Tag Archives: Democracy Indix

The EPI and Election Reform: The Early Returns Are Promising

I want to offer a brief response to Rick Hasen’s post about the release of Pew’s 2012 Election Performance Index.  Now that we can assess state performance across two comparable elections, he asks an excellent question:  Will we see states trying to improve their performance?  I suggested as much in my book, The Democracy Index:  Why Our System is Failing and How to Fix It, where I proposed creating a ranking like the EPI.

It’s only been a few days, of course, but the early returns are heartening.  States are obviously paying attention; there are lots of stories about states touting their rise in the rankings or grumbling about their scores, with more discussions happening behind the scenes.
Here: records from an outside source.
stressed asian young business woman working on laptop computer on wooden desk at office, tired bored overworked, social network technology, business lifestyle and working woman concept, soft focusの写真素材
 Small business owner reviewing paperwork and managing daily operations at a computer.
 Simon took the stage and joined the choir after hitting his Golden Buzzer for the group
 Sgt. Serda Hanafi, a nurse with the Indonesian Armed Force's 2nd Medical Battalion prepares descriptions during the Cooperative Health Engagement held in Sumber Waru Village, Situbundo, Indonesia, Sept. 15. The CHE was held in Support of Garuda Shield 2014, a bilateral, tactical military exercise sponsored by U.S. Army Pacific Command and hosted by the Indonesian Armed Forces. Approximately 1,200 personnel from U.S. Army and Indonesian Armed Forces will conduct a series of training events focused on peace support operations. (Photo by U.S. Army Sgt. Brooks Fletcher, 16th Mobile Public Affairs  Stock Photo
More importantly, election officials are already using the EPI to push for reform.  Secretary of State Jon Husted, for instance, noted that one of the reasons that Ohio didn’t rank higher on the EPI was its failure to keep up with other states in creating an online registration system and urged his legislature to take up the bill.   Iowa is paying special attention to military and overseas balloting, which pushed its rankings down.  Florida was working with Pew in advance of the EPI’s release and promises that it has already enacted transparency and access reforms that will improve its rankings next time.  Indiana’s Secretary of State tells us that, as we speak, the state is working on a post-election auditing process in order to up its ranking.  The state also issued “a call to action” suggesting further improvements.  Georgia insists that it’s going to do a better job on data collection in the future in order to increase its score.

We see the same thing happening at the top of the rankings, also as I predicted.  For example, the Secretary of State of Montana – which now ranks near the top – is not resting on her laurels.  She called for additional reform so that Montana could maintain its position.  So, too, the Secretary of State of top-ranked Michigan, which fell just shy of the top five, has called for online voter registration and changes to absentee voting in order to move the state higher up the list.  Twelfth-ranked Washington is on the hunt for ways to improve its already strong ranking.  And in North Dakota, which ranked first in the nation, policymakers who oppose voting rules recently enacted in North Dakota are using the EPI as a cudgel to beat the other side, arguing that those changes put the state at risk of losing its treasured number one spot.

I don’t want to overclaim.  It’s going to be hard to prove exactly how much of a push the EPI gives reform going forward, as Rick noted in his generous review of my book a few years ago.  Nonetheless, if anything the pressure on states to improve seems likely to increase over time.  The EPI has only been on the scene for two years, and this is the first time we’ve been able to make an “apples to apples” comparison (comparing a presidential election to a presidential election).  If the EPI continues to develop into the touchstone for measuring election performance, it should matter more in these debates.  Moreover, the pressure will mount for low-performing states.  States improved an average of 4.4 percentage points between 2008 and 2012.  As the always observant Doug Chapin noted, “even states showing modest improvement run the risk of being left behind.”  A spokesperson for Washington State has plainly gotten the message:  “[M]uch of what we’ve done is outstanding” but “others are catching up . . . We’re still a high performing state [but] other states are making rapid improvements.  Essentially, all boats are rising . . .”

Even if the EPI doesn’t prod a single state to do a single thing, it will still matter a great deal to election reform.  That’s because it provides an essential tool for data-driven policymaking:  a baseline.  Just as we cannot get a good read on economic policy without measures like the GDP, so, too, we cannot get a good read on elections policy without a reliable measure of how well our election system is working across time.  Already, for instance, we’ve begun to learn things we didn’t know before.  States with high obesity rates, for instance, seem to have trouble getting their voters to the polls.  So, too, we’re shaking loose some of our assumptions about which systems are working and which aren’t.  For instance, a number of states with long lines in 2012 ranked pretty high on the EPI, suggesting that the long lines were not a sign of a failing system.  Ohio and Florida, the perennial objects of late-night comedy during elections season, were somewhere in the middle of the pack.  Moreover, we see rich states and poor states performing well and badly on the list, something that at least raises questions about the real drivers of election performance.

All of the credit for this goes to Pew, which developed a rigorous and assiduously nonpartisan process for building the EPI.  Pew’s careful procedure and remarkable end product put the lie to the naysayer’s claim that any index would be dismissed out of hand as partisan.  As to the rest, we’ll see.